Data-like flash read with memory barrier?

LCE · ‎2024-05-14

Heyho,

I recently finished - or so I thought - the ethernet bootloader for STM32H73x.

The bootloader can update the application and vice versa, updating, jumping back and forth, all working fine.

Until yesterday all of a sudden (when I was working on some other http POST stuff unrelated to the internal flash) the bootloader somehow got stuck when verifying the freshly written application.
Verification goes like:
- read (Octo-) SPI flash image page (256 bytes)
- compare SPI flash buffer to internal flash via pointer

The hard fault info that I got was not really useful, I was looking for all kinds of stuff, but could not solve the problem.

Until I added some memory barriers, as you can see below - combined with loading each flash byte into a variable, and then comparing (before that I used directly used the flash byte pointer sFlashIntCtl.pu8ChkAddr[i] in the for loop).
Now it's working again.

BUT... does that make sense?
Or was that just coincidence, and I have another problem?
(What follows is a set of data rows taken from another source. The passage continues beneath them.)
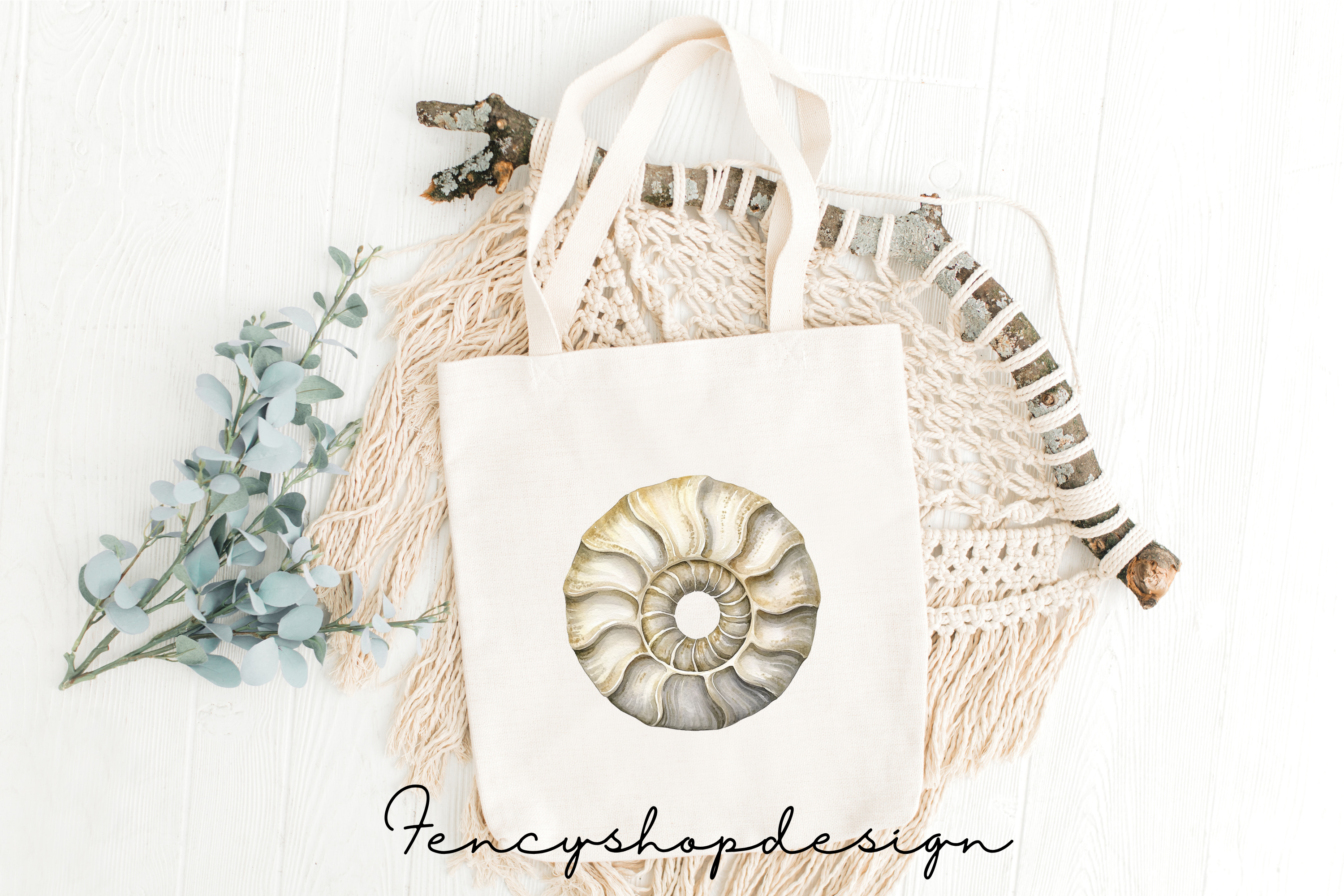 Ancient Ammonite Fossil Clipart Bundle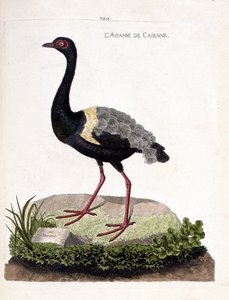 Carte zoologique (ornithologie) : agami trompette (psophia crepitans). Illustration dans « L
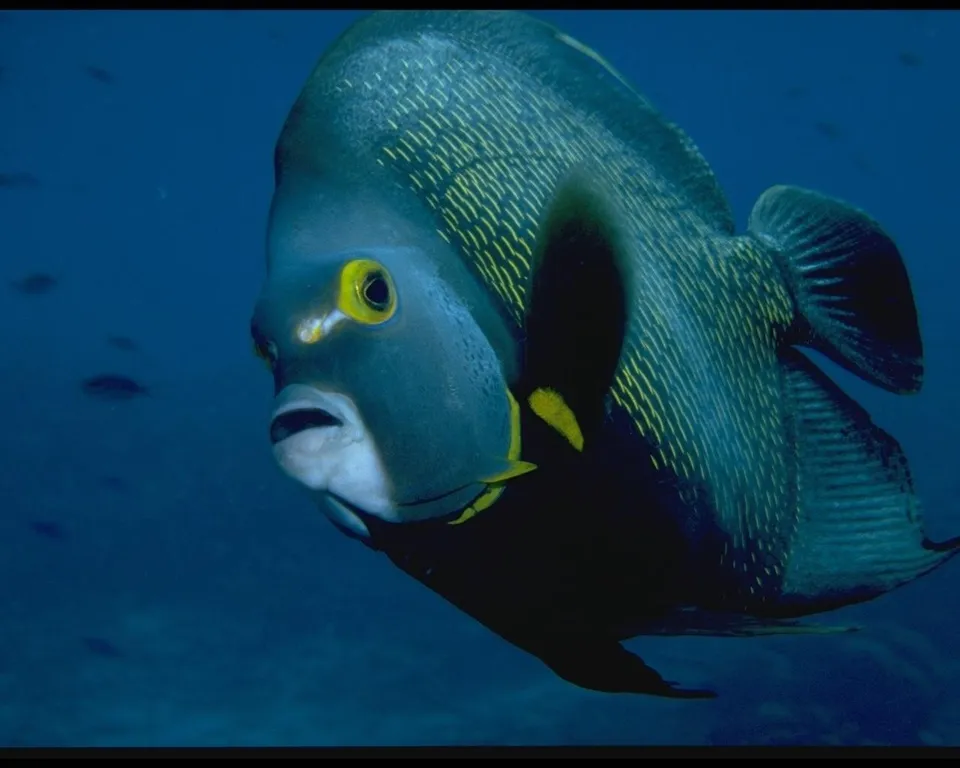A French Angelfish with yellow markings swims in the deep blue ocean.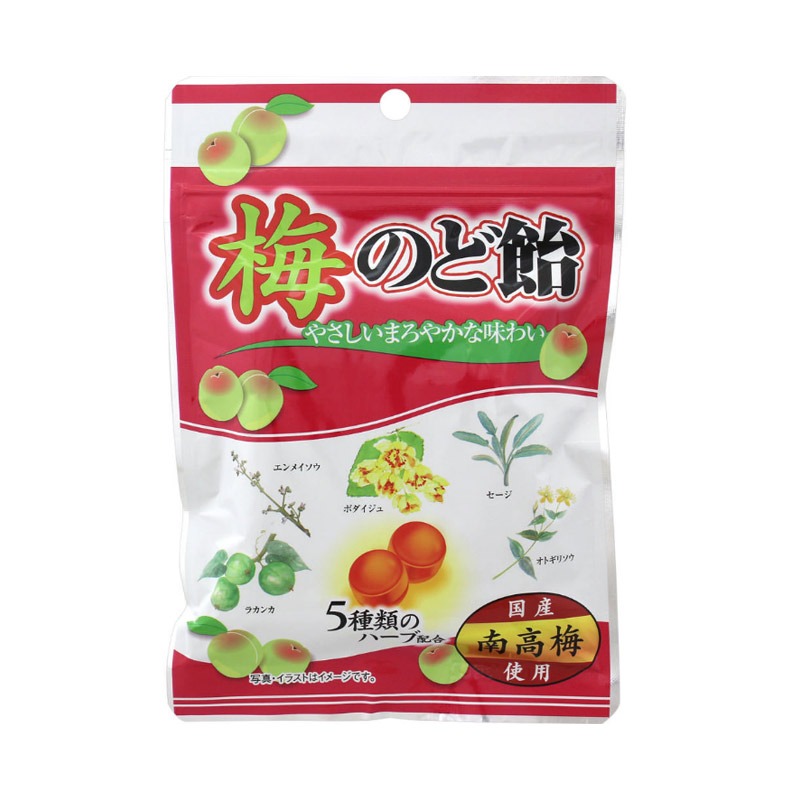 Get Ohkura Seika Plum Lozenges 100 g Delivered Weee! Asian Market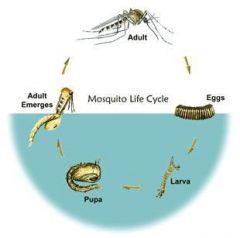 Mosquito (Culicidae)
- Any mammal can be bitten by a mosquito.- This is a problem because mosquitoes can spread malaria and other parasites. Also when bitten by a mosquito, it leaves behind an uncomfortable itchy, red bump.- Symptoms: Itchy bumps,...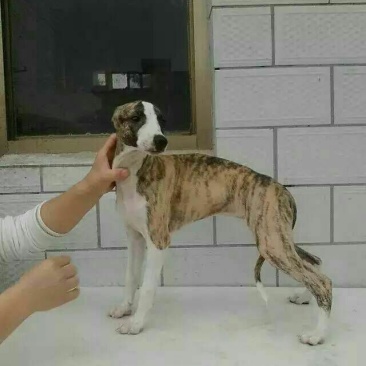 格力狗母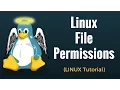 Linux File Permissions Commands with Examples - Linux Tutorial 6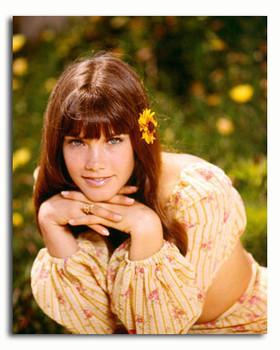(SS3456557) Barbi Benton Movie Photo (SS3456557) Barbi Benton Movie Photo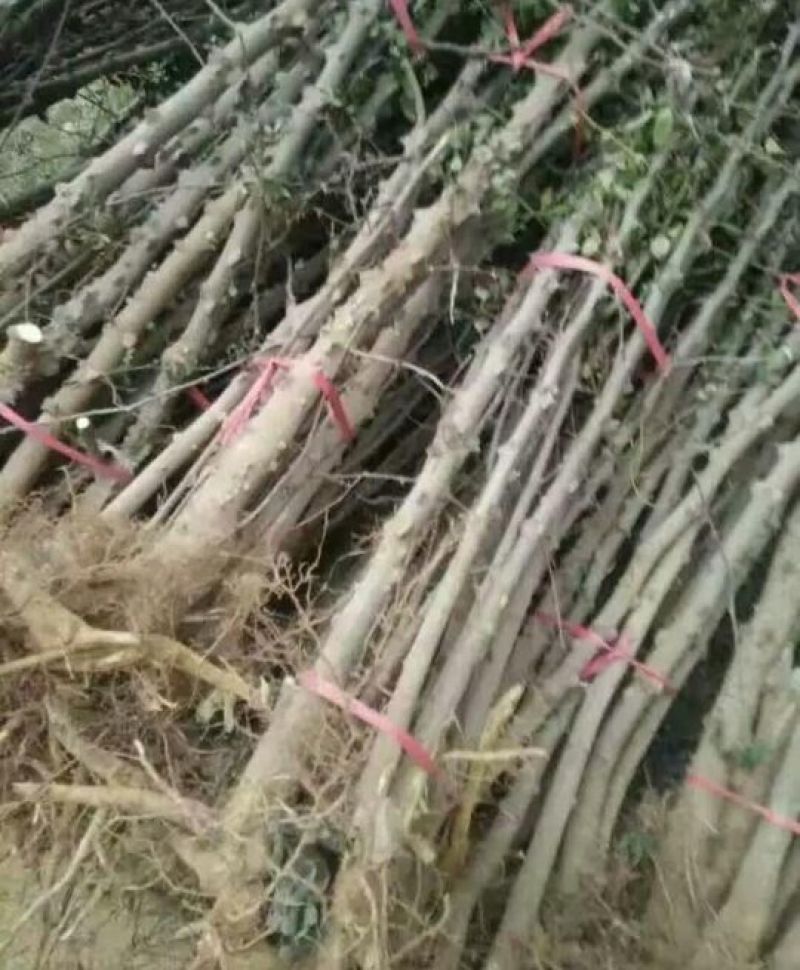花椒苗0.5~1年泰山脚下育苗基地泰山大红袍花椒苗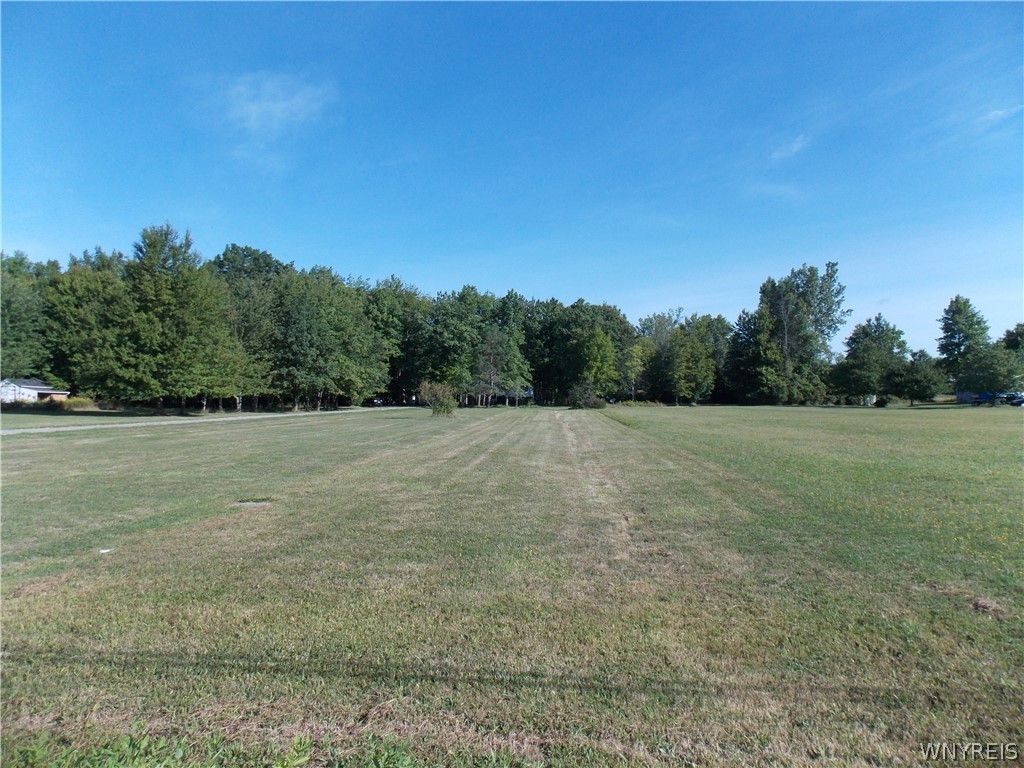 8976 Sesh Road Clarence, NY 14032 - Photo 36 of 39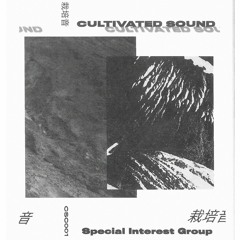 ND-81 [from Cultivated Sound Comp, Special Interest Group]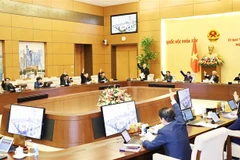 Ủy ban Thường vụ Quốc hội biểu quyết thông qua việc chuyển đổi phương thức đầu tư. (Ảnh: Trọng Đức/TTXVN)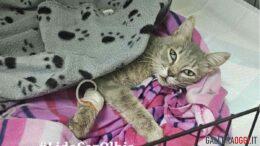 gatto olbia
				/* ++++++++++++++++++++++++++++++++++++++++++++++++++++++ */
				/* read from SPI flash
				 *	BLOCKING &
				 *	### outside of state machine ###
				 */
				sFlashIntCtl.u8ChkError = OspiFlashRdPage();
				__DSB();

				if( sFlashIntCtl.u8ChkError != HAL_OK )
				{
					#if DEBUG_FLASH_INT
						uart_printf("\n\r# ERR: FLINT_STATE_CHECK OspiFlashRdPage()\n\r");
					#endif 	/* DEBUG_FLASH_INT */

					sFlashIntCtl.u32ChkErrors++;
					u8FlashIntState = FLINT_STATE_ERROR;
				}
				else
				{
					/* compare */
					uint32_t u32ErrOld = sFlashIntCtl.u32ChkErrors;
					uint8_t u8FlashByte = 0;

					/* compare internal flash to SPI flash page buffer */
					for( uint32_t i = 0; i < (uint32_t)OSPI_FLASH_PAGE_SIZE; i++ )
					{
						u8FlashByte = sFlashIntCtl.pu8ChkAddr[i];
						__DSB();
						if( u8OspiFlashPageBuf[i] != u8FlashByte )
						{
							sFlashIntCtl.u32ChkErrors++;
						}
						if( (sFlashIntCtl.u32ChkBtDone + i) >= (sSpiFileInfo.u32Size - 1) ) break;
					}
					sFlashIntCtl.u32ChkBtDone += sFlashIntCtl.u32ChkLen;

PS: why is that very useful </> code insert button back in line 2? This should be the first one to appear, it's surely more often used than other stuff that appears first.

Pavel A. · ‎2024-05-14

> The hard fault info that I got was not really useful

Nevertheless, can you show it, please?

LCE · ‎2024-05-15

@Pavel A. Thanks for taking a look at it.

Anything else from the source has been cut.